The undersigned hereby represents that all the representations and warranties contained in Sections 5.3 through 5.8 of the Securities Purchase Agreement dated on or about March ___, 2001 between ClickAction Inc. and the Purchasers named therein are true and correct in all material respects as of the date hereof and as if the undersigned were the Purchaser stated therein (if the undersigned is not such Purchaser).
In lieu of delivering physical certificates representing the Warrant Shares purchasable upon exercise of this Warrant, provided the Company's transfer agent is participating in the Depository Trust Company ("DTC") Fast Automated Securities Transfer ("FAST") program, upon request of the Holder, the Company shall use its best efforts to cause its transfer agent to electronically transmit the Warrant Shares issuable upon conversion or exercise to the undersigned, by crediting the account of the undersigned's prime broker with DTC through its Deposit Withdrawal Agent Commission ("DWAC") system.

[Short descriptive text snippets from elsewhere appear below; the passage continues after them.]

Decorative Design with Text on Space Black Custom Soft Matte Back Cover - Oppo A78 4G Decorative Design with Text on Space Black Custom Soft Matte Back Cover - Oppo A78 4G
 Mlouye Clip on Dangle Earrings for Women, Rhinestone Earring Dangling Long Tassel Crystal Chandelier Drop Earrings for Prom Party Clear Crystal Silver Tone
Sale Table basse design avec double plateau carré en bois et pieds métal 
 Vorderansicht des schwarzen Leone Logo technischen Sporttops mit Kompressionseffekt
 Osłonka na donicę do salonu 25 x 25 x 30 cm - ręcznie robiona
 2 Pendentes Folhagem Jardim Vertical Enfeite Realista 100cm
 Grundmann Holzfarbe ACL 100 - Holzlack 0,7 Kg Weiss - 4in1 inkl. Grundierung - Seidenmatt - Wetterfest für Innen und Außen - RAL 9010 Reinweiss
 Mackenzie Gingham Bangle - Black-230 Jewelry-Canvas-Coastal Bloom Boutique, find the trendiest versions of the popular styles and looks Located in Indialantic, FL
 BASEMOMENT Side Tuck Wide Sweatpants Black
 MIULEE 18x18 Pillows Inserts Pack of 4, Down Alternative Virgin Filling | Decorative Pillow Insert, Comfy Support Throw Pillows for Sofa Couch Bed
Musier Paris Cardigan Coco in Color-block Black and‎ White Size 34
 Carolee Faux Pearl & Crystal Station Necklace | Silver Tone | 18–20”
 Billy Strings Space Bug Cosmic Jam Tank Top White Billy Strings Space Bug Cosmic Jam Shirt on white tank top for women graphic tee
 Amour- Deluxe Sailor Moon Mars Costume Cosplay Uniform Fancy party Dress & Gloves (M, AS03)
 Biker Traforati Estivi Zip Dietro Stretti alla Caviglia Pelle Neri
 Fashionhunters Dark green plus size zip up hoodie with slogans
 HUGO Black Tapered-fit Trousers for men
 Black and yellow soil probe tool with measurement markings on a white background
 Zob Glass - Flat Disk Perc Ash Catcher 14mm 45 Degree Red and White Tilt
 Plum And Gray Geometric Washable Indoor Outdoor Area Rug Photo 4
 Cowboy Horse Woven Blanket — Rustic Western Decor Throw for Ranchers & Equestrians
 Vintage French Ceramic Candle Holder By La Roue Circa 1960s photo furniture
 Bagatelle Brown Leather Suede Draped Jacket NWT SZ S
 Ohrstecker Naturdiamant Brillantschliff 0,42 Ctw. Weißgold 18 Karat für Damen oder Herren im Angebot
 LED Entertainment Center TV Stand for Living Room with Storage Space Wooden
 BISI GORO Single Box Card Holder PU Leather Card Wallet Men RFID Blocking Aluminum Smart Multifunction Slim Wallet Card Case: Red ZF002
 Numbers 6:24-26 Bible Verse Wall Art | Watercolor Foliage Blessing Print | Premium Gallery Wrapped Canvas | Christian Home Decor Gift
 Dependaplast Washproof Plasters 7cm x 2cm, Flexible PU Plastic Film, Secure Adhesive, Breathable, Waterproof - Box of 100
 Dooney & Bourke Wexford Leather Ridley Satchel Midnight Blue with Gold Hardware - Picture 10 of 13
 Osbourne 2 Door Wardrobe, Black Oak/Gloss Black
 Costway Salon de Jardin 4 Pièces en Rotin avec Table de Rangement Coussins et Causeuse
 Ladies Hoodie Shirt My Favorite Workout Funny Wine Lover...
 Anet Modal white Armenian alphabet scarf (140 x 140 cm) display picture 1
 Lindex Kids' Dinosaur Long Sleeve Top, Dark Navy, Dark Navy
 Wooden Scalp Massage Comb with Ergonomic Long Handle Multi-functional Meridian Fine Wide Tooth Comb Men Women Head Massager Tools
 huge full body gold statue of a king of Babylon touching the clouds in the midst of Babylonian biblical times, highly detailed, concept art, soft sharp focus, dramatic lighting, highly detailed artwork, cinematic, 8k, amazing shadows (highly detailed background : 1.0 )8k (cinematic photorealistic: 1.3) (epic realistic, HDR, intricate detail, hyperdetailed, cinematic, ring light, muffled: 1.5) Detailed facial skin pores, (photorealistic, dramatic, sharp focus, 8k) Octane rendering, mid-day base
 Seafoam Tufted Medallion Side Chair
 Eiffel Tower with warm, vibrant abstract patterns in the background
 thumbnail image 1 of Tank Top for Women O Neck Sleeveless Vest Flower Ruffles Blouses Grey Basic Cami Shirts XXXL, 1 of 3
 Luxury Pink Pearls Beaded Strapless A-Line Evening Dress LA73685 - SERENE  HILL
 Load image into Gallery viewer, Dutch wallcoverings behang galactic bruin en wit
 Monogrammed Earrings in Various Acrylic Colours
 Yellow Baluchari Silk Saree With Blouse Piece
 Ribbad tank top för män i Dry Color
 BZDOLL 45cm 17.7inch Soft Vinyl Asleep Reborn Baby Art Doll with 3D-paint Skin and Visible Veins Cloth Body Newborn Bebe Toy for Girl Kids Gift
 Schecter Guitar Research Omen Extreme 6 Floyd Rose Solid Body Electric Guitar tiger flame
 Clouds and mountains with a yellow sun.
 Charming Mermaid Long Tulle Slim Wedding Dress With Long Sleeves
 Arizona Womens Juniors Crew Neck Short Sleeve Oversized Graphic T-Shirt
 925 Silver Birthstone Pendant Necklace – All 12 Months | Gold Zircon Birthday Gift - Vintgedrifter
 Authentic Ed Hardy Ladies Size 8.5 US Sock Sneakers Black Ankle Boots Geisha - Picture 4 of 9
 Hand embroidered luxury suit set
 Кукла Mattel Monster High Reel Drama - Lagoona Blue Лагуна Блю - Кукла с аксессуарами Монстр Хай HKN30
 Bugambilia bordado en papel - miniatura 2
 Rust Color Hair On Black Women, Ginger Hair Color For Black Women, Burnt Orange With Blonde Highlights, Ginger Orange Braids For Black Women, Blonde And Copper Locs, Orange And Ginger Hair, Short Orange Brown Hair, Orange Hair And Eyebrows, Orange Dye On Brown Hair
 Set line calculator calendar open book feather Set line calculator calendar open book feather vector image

Dated:_______________________ Signature: ________________________________
________________________________
Name (please print)
________________________________
Address

· NOTE: If conversion of the Warrant is made by surrender of the Warrant and the number of shares indicated exceeds the maximum number of shares to which a holder is entitled, the Company will issue such maximum number of shares purchasable upon exercise of the Warrant registered in the name of the undersigned Warrantholder or the undersigned's assignee as below indicated and deliver same to the address stated below.